Tools are functions that will perform actions on behalf of the LLM. An agent gets a list of tools for it to use and it will request to use one, several, or none. The Agent Executor will execute the required tools and feed the result back to the Agent. An example of a tool is the Google Search function, which allows LLMs to check some information that they don't have using a Google search.

For the Agent to be able to choose correctly which tools it needs, those tools have to exist, be correctly implemented for the purpose that the Agent needs them for, and be in the list of tools for the Agent. But more importantly, these tools must be thoroughly described so Agents can easily decide if they need them and what they will be helpful for.

Toolkits are just a set of tools that are usually useful together. These tools might be useful to be used together for achieving a multi-step goal, or they might be grouped because they do similar actions or actions in the same domain. An example of a toolkit is the Gmail Toolkit, which allows LLMs to read emails, draft new emails and delete them.

What strategies do Agents use?

After a set of tools is provided to the Agent, how does it know which one to use?
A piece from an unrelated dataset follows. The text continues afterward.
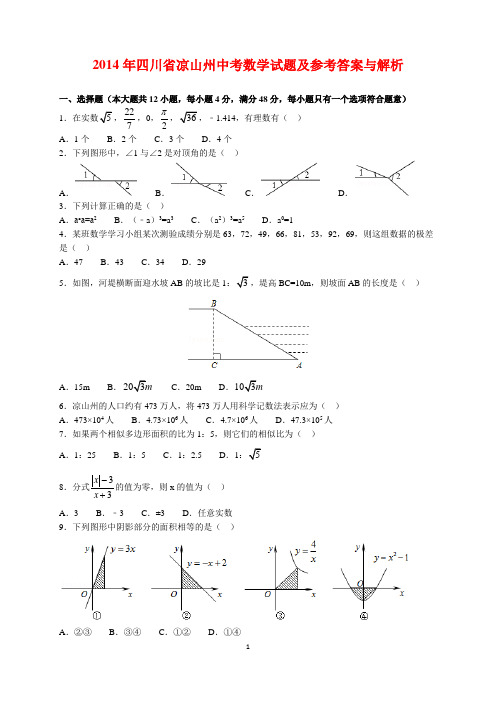 2014年四川省凉山州中考数学试题及参考答案(word解析版)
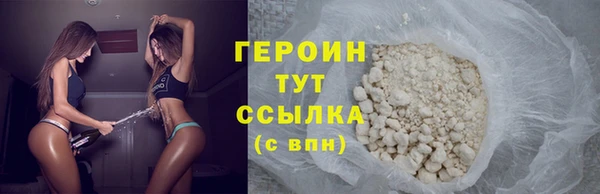 мет Волоколамск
Agents can use a variety of prompt engineering strategies to make the LLM reason and decide about the actions it has to take. Some popular prompt engineering practices were discussed in the previous article: Prompt Engineering.
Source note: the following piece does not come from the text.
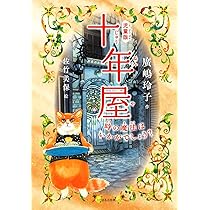 児童版]十年屋 1 時の魔法はいかがでしょう | 廣嶋 玲子, 佐竹 美保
The most popular strategy for agents is the ReAct method. ReAct uses few-shot learning together with some Chain-of-Thought reasoning examples. These examples contain:

  • Thoughts transcribed from the reasoning strategies.
  • Actions that let the LLM interact with its environment in a verbal manner.
  • Observations gained after taking the actions.
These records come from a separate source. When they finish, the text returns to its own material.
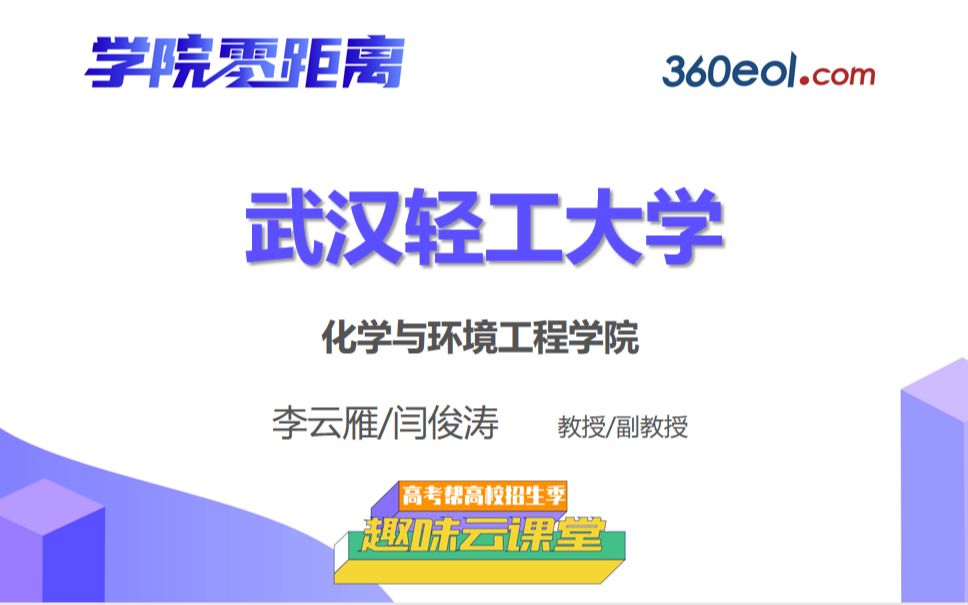 【高考帮云课堂】学院零距离:武汉轻工大学化学与环境工程学院哔哩哔哩bilibili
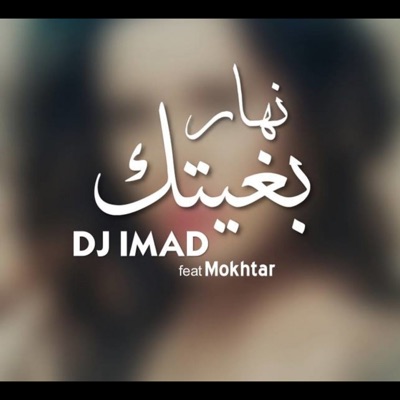 Nhar Bghitek (feat. Mokhtar) - Single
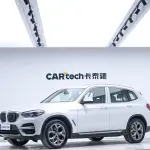 BMW X3 2020 из Китая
The LLM then understands how to act in this manner and interact with its tools and can apply it to real interactions. An example of a ReAct prompt would be:

Question: What is the current temperature at the city where John Cena was born in Celcius?
Thought: I need to search for the city John Cena was born in, then find the current temperature for that city, then convert the temperature to Celsius.
Action: Search[City where John cena was born]
Observation: Cena was born in West Newbury, Massachusetts.
Thought: I have to find the current temperature in West Newbury, Massachusetts.
Action: WeatherLookup[West Newbury, Massachusetts]
Observation: 81°F. Sunshine to start, then a few afternoon clouds. High 81F. Winds WNW at 5 to 10 mph. 45% humidity.
Thought: I have to convert 81°F to Celsius.
Action: UnitConversion[FahrenheitToCelcius, 81]
Observation: 27.2
Thought: The answer is 27.2 degrees Celsius.
Action: Finish[27.2 degrees Celsius]

How to use Langchain Agents

Langchain is a Python library (as well as JS/TS) that is very useful for rapidly getting started on integrating LLMs in your applications. It has many prompting strategies available out of the box and also many Agents.

You can get started writing tools of your own using Langchain’s tools, like this (VERY IMPORTANT: give the function a docstring description, this will be used by the agent to choose what tool to use):

from langchain.agents import tool

@tool
def unit_conversion(units,value):
"""Converts a given unit to another unit. To convert from Fahrenfeit to Celcius, give FahrenheitToCelcius as first parameter, then the value as second parameter"""
if units == "FahrenheitToCelcius":
return (5/9)*(value - 32)
else:
raise Exception("Invalid type of unit conversion")

Afterwards, use this tool along with your agent of choice, also with Langchain:

from langchain.llms import OpenAI
from langchain.agents import initialize_agent, AgentType

# We will use OpenAI's GPT as the LLM
llm = OpenAI(temperature=0)

# We will create the Agent
agent = initialize_agent([unit_conversion], llm, agent=AgentType.ZERO_SHOT_REACT_DESCRIPTION, verbose=True)

agent.run("What is 81 degrees Fahrenheit in Celsius?")

You can learn more about Langchain and its tools by visiting its documentation.

It looks like Agents are going to bring a lot more capabilities to LLMs in the recent future. As these new capabilities roll out to applications and tools, more outstanding things will be possible. I’m very curious and looking forward to the new possibilities.